The current flow table lookup operation is divided into three types of implementation methods: hash table, Bloom filter, and content addressable memory. For a flow table using a hash table structure, a hash table lookup includes two steps: calculation of hash value and comparison of conflict chains. The worst-case performance of hash collisions handled by the join method is very poor: all N keys are inserted into the same slot, resulting in a linked list of length N, and the worst search length at this time is O(N) .

Based on this, a lot of work is focused on making the conflict chain lengths on each slot as equal as possible to ensure that the average search length is close to the best case O(1+α), where α is the loading factor. To achieve this, a good hash algorithm is required. Although complex cryptographic hash methods (MD5, SHA-1) can be used to achieve a balanced distribution of the lengths of all conflicting chains in the hash table, good hash functions usually Consumes a lot of CPU.

Compared with the single hash mentioned above, the effect of multi-hashing will be better.

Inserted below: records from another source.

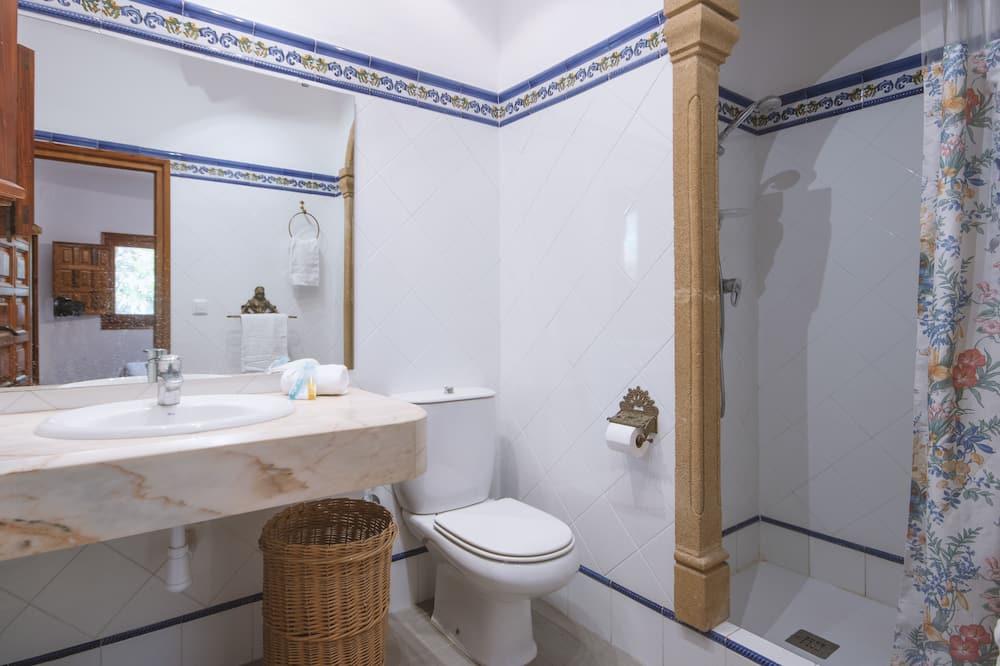 Large and classic villa with private pool in Javea, Costa Blanca, Spain for 6 persons Kust van Valencia - Javea visuel 1/5 Large and classic villa with private pool in Javea, Costa Blanca, Spain for 6 persons Kust van Valencia - Javea visuel 1/5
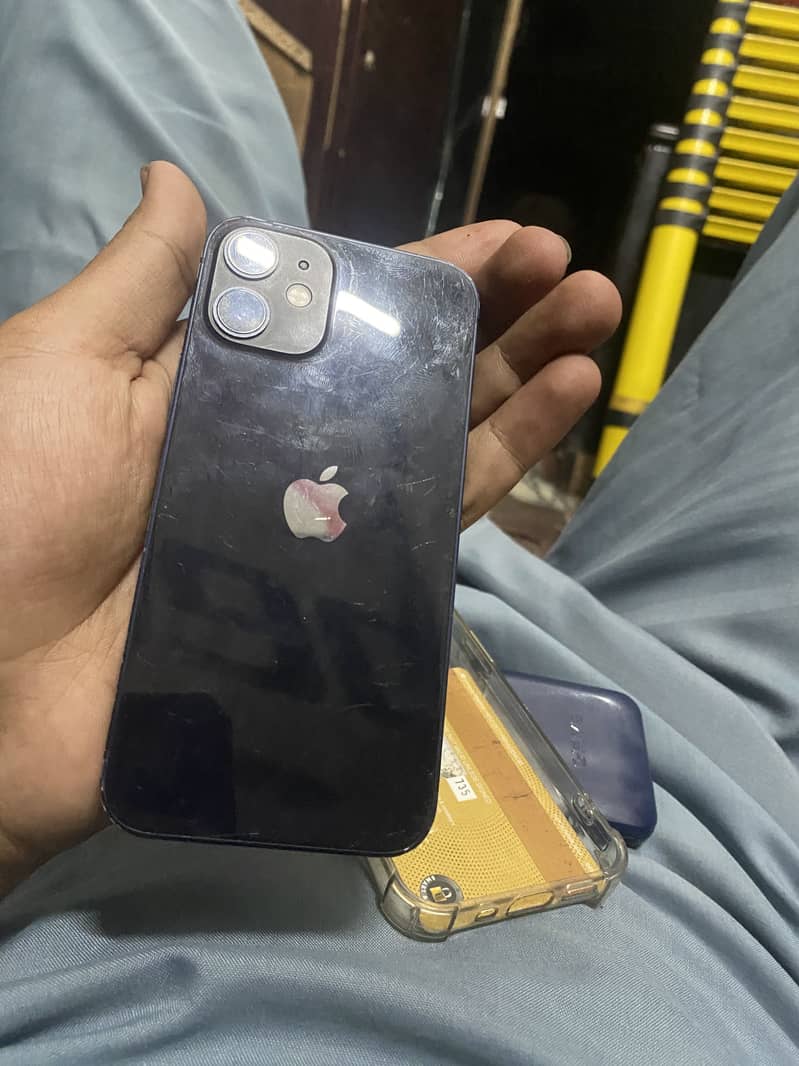 Apple iPhone 12 mini 2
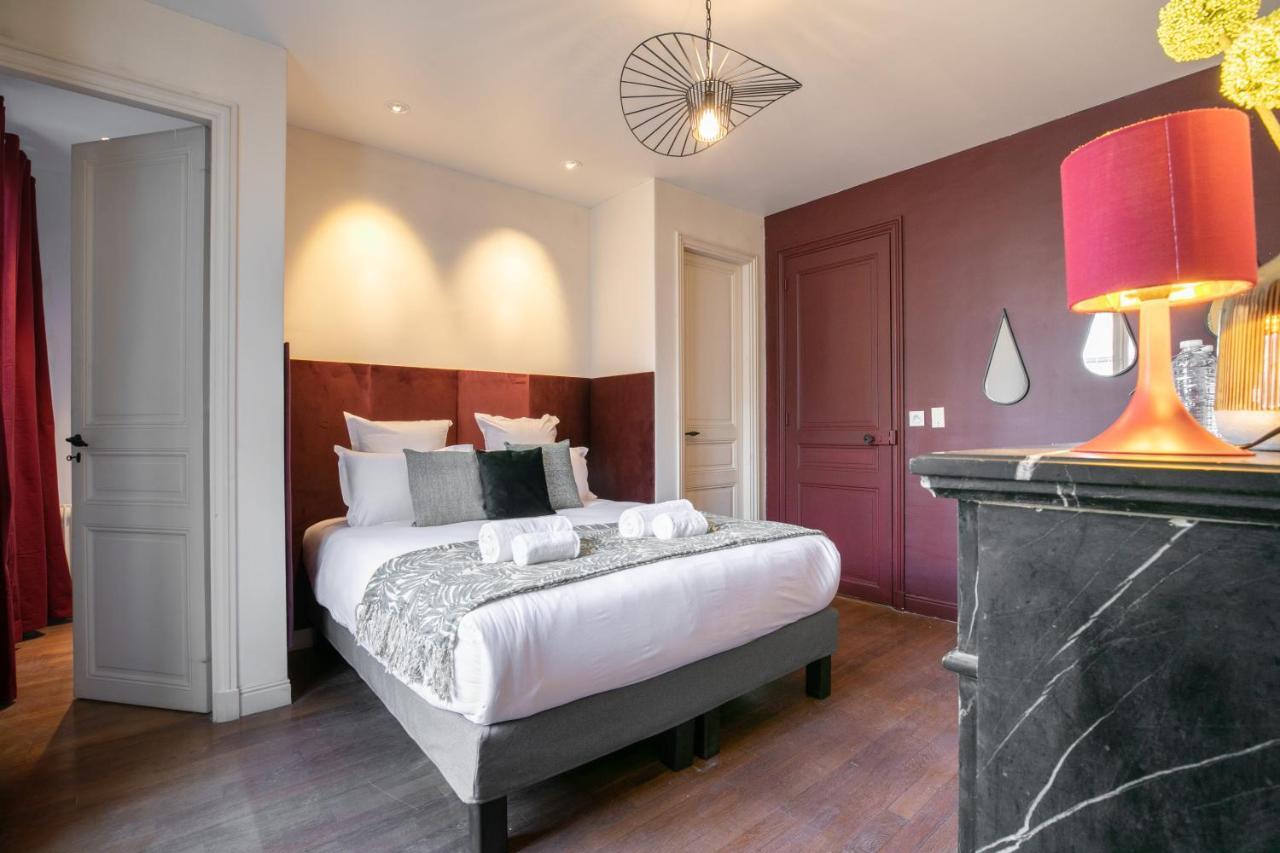 Sweet Inn - Montaigne Apartment Paris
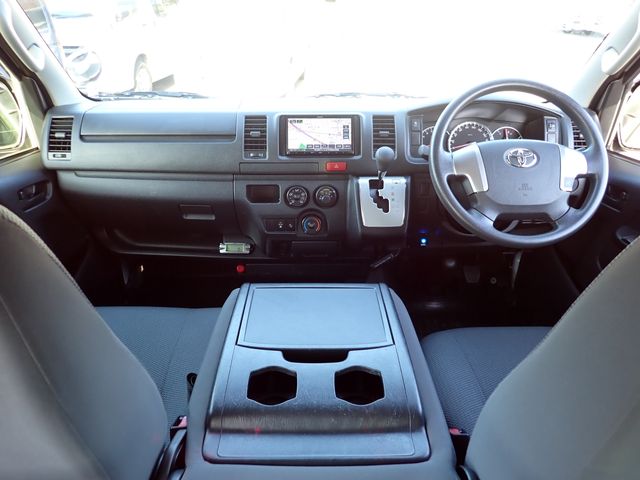 TOYOTA HIACE van 1.2t 2WD 2018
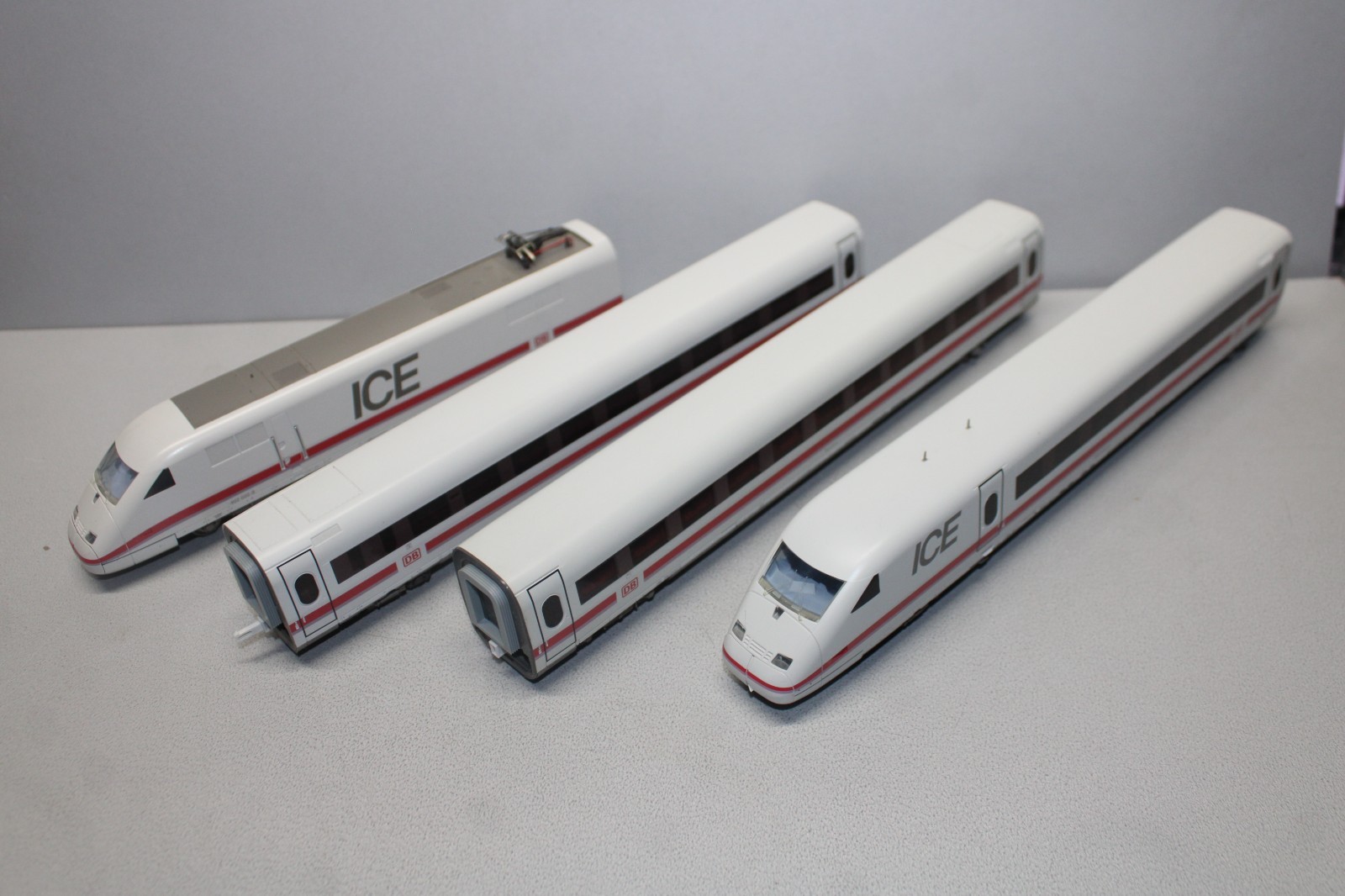 Märklin Delta Digital Electric Train ICE Class 402 4-Piece H0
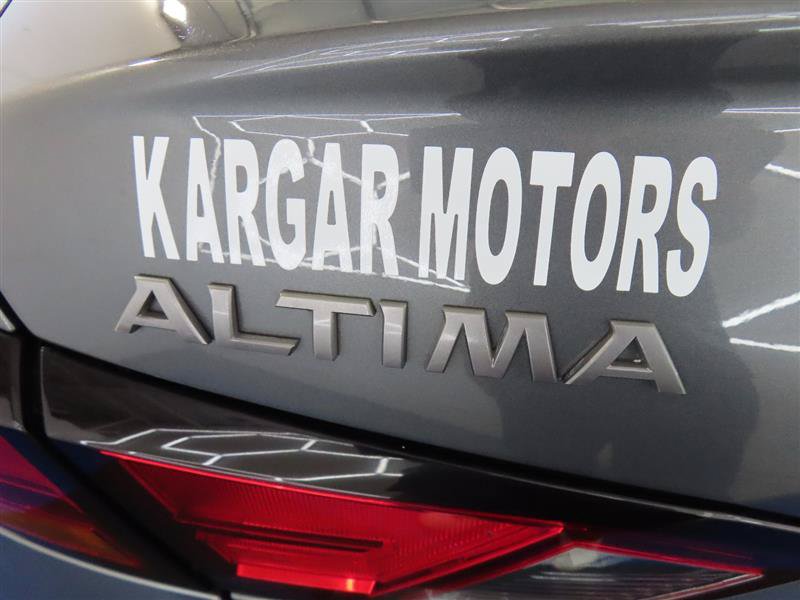 Used 2025 Nissan Altima 2.5 SV FWD image 13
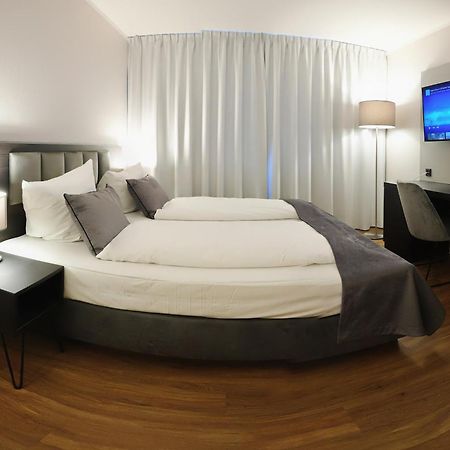 Hotel B99 Όφενμπαχ Εξωτερικό φωτογραφία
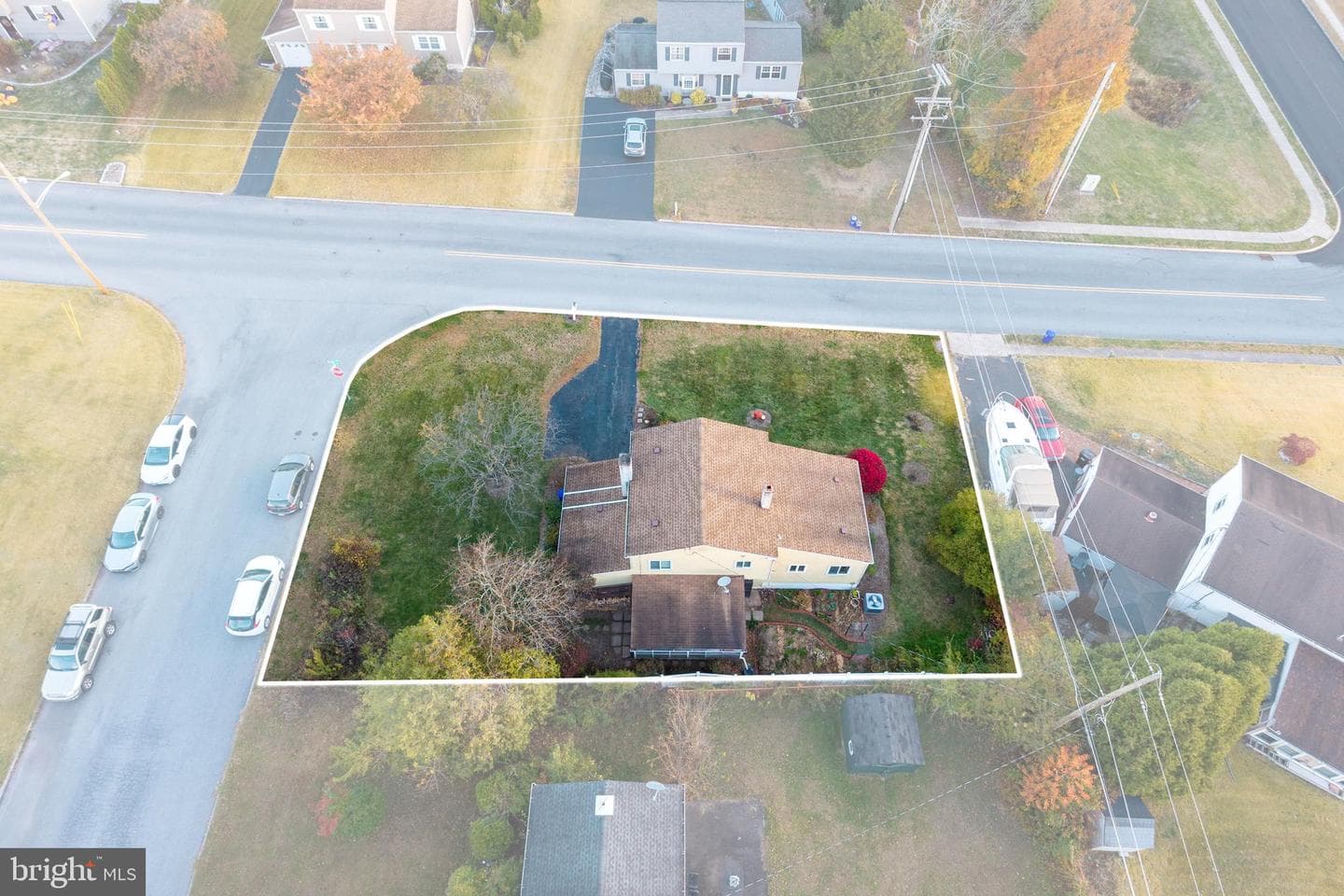 102 Russell Avenue photo 34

Multi-hashing will calculate the hash value multiple times, and finally insert it into the shortest one of the multiple sub-tables, but this makes it necessary to search for multiple conflict chains for each search, which will bring a large number of packets in the backbone network with dense packets. lookup cost.

In terms of optimizing the search operation with the help of network locality, using FPGA and SRAM to realize the high-speed cache of the flow table can speed up the access speed. Limited by the circuit complexity of the FPGA and the capacity limitation of the SRAM, the size of the flow table is limited by the storage capacity. In a high-concurrency network environment, affected by traffic fluctuations and burst traffic, a large number of active connections will be forced to be replaced, resulting in missed detection by the system.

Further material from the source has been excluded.